At this year’s event, professor Joan Rose, laboratory director in water research at Michigan State University, received what The Guardian described as “the world’s most prestigious prize for water.”

In her acceptance speech, Rose pointed out: “There are 7 billion people and most of their waste is going into water. … Pollution is spreading to every part of the world.” One reason, she explained, is that viruses and pathogens are transported in ballast water taken on in one port, discharged in another, and so on around the globe.

“We are infecting the food chain,” Rose said. “Everywhere is now under huge new attack from viruses and pathogens.”
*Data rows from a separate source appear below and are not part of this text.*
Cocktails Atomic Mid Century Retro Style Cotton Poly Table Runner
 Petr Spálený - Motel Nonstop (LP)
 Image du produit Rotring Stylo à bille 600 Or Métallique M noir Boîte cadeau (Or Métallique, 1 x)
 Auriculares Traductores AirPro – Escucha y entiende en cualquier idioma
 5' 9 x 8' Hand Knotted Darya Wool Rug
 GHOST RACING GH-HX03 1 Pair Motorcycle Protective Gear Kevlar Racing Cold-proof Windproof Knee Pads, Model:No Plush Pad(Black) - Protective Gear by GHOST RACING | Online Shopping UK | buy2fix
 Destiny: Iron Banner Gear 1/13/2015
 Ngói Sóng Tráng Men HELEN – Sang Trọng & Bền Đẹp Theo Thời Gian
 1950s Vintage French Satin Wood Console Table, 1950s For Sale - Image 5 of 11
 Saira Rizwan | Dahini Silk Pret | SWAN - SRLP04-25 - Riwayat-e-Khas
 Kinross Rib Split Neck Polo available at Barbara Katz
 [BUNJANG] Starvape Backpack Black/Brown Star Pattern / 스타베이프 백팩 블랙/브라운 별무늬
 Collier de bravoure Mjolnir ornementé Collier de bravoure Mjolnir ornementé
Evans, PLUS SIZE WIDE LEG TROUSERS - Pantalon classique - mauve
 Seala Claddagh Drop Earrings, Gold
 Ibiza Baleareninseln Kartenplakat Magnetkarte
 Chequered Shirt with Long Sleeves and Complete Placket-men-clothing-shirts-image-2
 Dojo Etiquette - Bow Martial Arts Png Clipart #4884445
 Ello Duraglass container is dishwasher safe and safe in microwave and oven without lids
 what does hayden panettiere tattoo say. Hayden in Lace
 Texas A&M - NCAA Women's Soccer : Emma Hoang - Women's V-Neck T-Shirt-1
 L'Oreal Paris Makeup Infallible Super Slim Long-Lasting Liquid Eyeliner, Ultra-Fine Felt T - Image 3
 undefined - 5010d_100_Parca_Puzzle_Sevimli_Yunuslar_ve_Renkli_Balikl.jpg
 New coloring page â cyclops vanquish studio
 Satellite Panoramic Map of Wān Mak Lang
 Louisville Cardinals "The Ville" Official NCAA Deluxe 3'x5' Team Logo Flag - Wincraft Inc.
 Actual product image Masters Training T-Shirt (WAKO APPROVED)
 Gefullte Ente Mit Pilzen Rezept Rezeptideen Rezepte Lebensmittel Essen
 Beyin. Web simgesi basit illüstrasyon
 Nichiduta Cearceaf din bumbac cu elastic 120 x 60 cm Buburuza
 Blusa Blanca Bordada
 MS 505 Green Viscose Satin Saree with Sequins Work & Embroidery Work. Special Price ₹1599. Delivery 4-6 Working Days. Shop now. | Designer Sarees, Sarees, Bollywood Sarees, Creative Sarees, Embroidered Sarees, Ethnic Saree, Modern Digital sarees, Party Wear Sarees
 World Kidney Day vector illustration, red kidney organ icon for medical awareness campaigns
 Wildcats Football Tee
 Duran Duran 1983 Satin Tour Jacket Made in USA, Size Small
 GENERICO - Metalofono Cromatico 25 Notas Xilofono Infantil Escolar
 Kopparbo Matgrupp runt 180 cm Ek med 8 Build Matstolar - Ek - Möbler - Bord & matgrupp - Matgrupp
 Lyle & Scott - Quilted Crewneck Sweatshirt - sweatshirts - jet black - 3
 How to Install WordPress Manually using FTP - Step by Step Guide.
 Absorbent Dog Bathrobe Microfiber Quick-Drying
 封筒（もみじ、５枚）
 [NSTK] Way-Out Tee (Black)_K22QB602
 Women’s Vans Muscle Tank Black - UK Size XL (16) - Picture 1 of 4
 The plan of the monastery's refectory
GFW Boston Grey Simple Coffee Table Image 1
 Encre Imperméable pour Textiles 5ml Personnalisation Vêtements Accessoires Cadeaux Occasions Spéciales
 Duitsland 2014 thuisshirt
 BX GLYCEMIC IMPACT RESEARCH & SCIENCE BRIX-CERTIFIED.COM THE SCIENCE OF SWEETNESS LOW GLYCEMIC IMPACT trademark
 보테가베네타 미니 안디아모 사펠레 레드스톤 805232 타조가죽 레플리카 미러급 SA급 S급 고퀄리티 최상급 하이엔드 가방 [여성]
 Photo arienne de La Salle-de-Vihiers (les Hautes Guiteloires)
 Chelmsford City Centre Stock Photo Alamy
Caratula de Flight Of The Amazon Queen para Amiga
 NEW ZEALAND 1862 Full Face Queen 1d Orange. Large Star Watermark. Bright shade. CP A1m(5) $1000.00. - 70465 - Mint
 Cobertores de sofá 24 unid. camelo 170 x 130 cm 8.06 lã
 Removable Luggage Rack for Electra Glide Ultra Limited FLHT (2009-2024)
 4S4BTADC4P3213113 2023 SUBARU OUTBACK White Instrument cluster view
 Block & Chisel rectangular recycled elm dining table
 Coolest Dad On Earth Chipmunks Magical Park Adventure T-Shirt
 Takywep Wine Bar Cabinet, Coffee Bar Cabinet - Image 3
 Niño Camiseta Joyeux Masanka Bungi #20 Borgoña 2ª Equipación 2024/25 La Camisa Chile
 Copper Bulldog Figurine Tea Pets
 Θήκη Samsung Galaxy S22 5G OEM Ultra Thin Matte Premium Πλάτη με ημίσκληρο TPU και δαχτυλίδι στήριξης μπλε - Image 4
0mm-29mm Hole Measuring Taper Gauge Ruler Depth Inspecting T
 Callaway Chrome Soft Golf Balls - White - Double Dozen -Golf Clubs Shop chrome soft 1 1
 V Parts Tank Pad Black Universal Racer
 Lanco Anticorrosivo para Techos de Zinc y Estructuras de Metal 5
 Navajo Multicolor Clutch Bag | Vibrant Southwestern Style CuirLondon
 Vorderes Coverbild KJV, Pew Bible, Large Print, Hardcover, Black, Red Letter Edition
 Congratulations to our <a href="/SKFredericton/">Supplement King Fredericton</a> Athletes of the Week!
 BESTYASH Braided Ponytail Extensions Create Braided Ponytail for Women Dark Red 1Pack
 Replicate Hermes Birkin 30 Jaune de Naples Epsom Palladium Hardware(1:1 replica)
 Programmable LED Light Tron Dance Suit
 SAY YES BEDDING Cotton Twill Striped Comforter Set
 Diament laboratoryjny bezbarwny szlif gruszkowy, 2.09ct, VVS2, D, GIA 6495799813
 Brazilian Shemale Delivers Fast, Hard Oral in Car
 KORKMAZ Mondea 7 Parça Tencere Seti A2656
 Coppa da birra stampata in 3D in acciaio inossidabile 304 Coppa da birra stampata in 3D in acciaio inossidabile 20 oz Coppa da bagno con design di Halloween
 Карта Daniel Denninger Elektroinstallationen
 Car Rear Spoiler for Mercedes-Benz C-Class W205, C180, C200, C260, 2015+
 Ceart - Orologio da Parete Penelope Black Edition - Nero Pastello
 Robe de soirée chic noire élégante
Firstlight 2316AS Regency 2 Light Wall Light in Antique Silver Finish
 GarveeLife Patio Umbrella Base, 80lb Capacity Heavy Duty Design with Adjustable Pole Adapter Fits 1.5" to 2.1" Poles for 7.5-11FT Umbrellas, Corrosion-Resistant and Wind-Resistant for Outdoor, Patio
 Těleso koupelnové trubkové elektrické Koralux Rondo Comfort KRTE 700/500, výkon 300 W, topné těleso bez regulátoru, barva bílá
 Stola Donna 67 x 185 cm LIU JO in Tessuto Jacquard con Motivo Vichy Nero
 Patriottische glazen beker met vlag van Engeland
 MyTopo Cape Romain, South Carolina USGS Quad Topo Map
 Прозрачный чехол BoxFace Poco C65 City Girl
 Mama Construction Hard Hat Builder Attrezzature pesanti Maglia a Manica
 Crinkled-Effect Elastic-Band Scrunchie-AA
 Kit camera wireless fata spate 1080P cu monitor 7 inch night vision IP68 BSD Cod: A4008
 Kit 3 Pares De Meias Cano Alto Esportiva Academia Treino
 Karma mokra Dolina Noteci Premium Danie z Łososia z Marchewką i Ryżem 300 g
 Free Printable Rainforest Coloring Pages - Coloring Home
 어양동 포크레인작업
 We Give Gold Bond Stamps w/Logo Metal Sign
On Sept. 5, National Geographic published an article that bore the headline “The Oceans Can’t Protect Us Anymore – Here’s Why.” The subhead read: “Our waters have borne the brunt of global warming for decades, but dying corals, extreme weather and plummeting fish stocks are signs that it can handle no more.”

Unfortunately, the oceans have no voice or voting bloc in Congress, as was dramatically demonstrated by the disparity in funding for NASA and the National Oceanic and Atmospheric Administration in the $1.1 trillion omnibus spending bill designed to keep the federal government running until Sept. 30.

NASA’s planetary science division was awarded $1.63 billion, an increase of 13.4 percent. NOAA’s research arm received $462 million for research related to both the atmosphere and the oceans, and only $10 million for ocean acidification research rather than the requested increase to $30 million.